A revisionist notion that has never gotten any serious traction, no matter how fervently the children of the 1930s isolationists keep putting it on the table, is the one arguing that America entered World War II under false pretenses. The argument isn't that the attack on Pearl Harbor didn’t take place — a whopper of that magnitude would have to await the historic breakthroughs in human credulity that have given us a staged moon landing and 9/11 as an American plot. It's that — or so they keep insisting — FDR knew about the attack in advance and kept his mouth shut because he wanted us in the war.
Most of us don’t want to think that. And as our minds roll back to Hitler, and the Holocaust, and the rape of Nanking, the idea feels both unlikely and irrelevant. It’s hard to think of the generation of Americans now well into its twilight as both the Greatest Generation and a bunch of patsies.
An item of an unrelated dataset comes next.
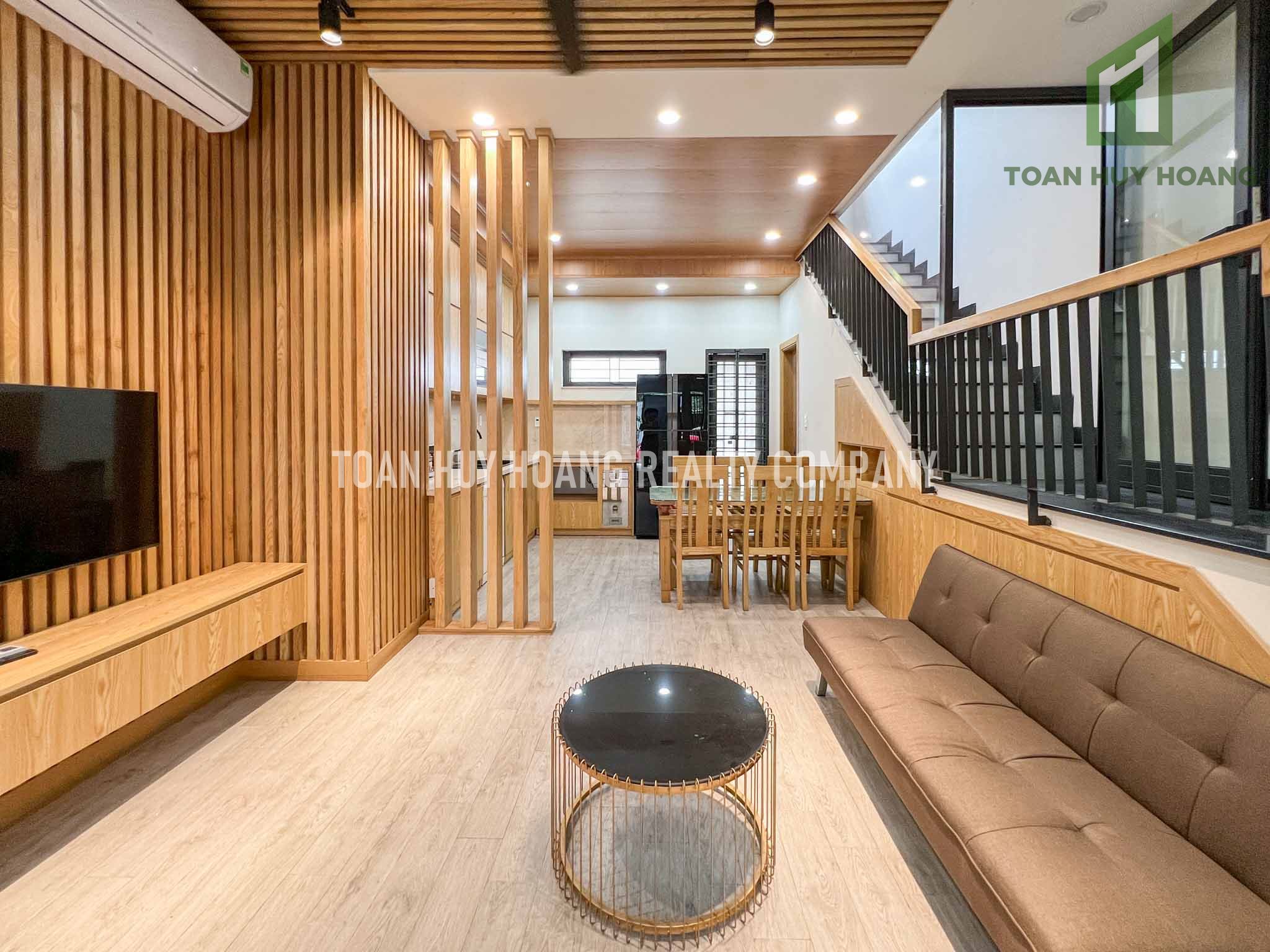 4-Bedroom House near Pham Van Dong Beach – B933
I’m writing this because I’ve just read Roger Ebert’s review of Green Zone, which he calls “one more element in the new narrative that has gradually emerged about Iraq, the dawning realization that we went to war under false pretenses.” I’m not sure that realization is just now dawning; to a lot of people the idea of hidden weapons of mass destruction seemed shaky at the time, both as a fact on the ground and as a justification for the invasion. Some of us who weren’t outraged by the invasion thought Tony Blair was making a far better case for it than George W. Bush was; Saddam Hussein was the sort of sadistically brutal, totally untrustworthy, aggrandizing tyrant who poisons not only a country but a region, and who must be removed if that region is ever to function in a way approximating normality. The USA has a history — and perhaps we should be proud we're so pacific — of letting such tyrants be, even doing business with them. Unless they’re communists, or attack us first. Bush really had to strain to implicate Saddam in the 9/11 attacks, but as he strained he winked — though that was probably just my imagination. Where Bush lost a lot of us wasn’t in going into Iraq; it was doing it in such a half-assed way: like a drunk frat pledge sneaking into the dean’s office, he had no idea what to do next once he got there.
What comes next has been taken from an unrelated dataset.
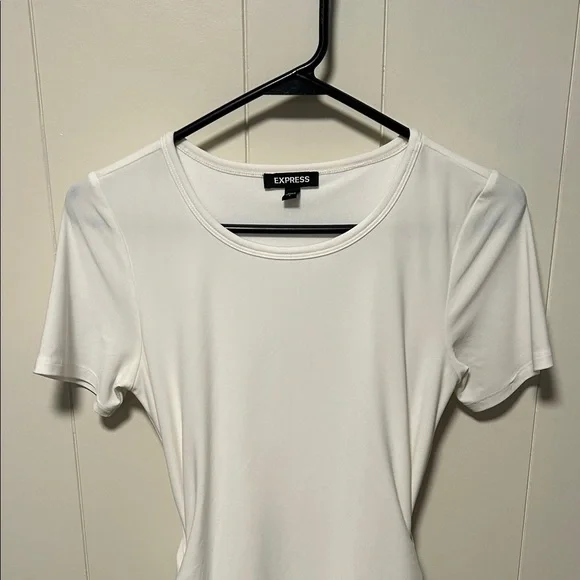 Dress - Picture 3 of 5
How important are pretexts to the wars fought in response to them? There’s always some incident, some insult, some intolerability that lights the kindling. American went into Vietnam with both feet after the North Vietnamese attacked two of our destroyers in what’s remembered as the Tonkin Gulf incident. But the second attack — the one that saw America leap to its feet sputtering “That’s it; we’ve had enough!” — never happened. The destroyer Turner Joy was not attacked for hours on end by North Vietnamese torpedo boats; in rough weather, the destroyer’s radar operators were misreading the blips on their radar. No one knew this with more clarity than James Bond Stockdale, who was overhead in an F-8 with orders to blow the nonexistent torpedo boats out of the water. He’d eventually receive the Medal of Honor for his valor as a POW. He attempted suicide, preferring death to what he saw as the likely alternative, which was continuing to be tortured until he eventually buckled under and revealed that he knew America was in the war under a false pretext. Stockdale had no desire in be exploited for propaganda; he was in the war with both feet himself, however it began.
Wars aren’t about the reasons they began. World War I wasn’t fought to avenge a dead archduke. If Green Zone wishes to be about the pretense that got us mired in Iraq, that’s fine, that’s its business. But I’m glad Ebert gives it four stars because it succeeds as a thriller, not as a revelation. It’s easy to overestimate revelations, both as to the extent they tell what we didn’t already know and as to the extent we care.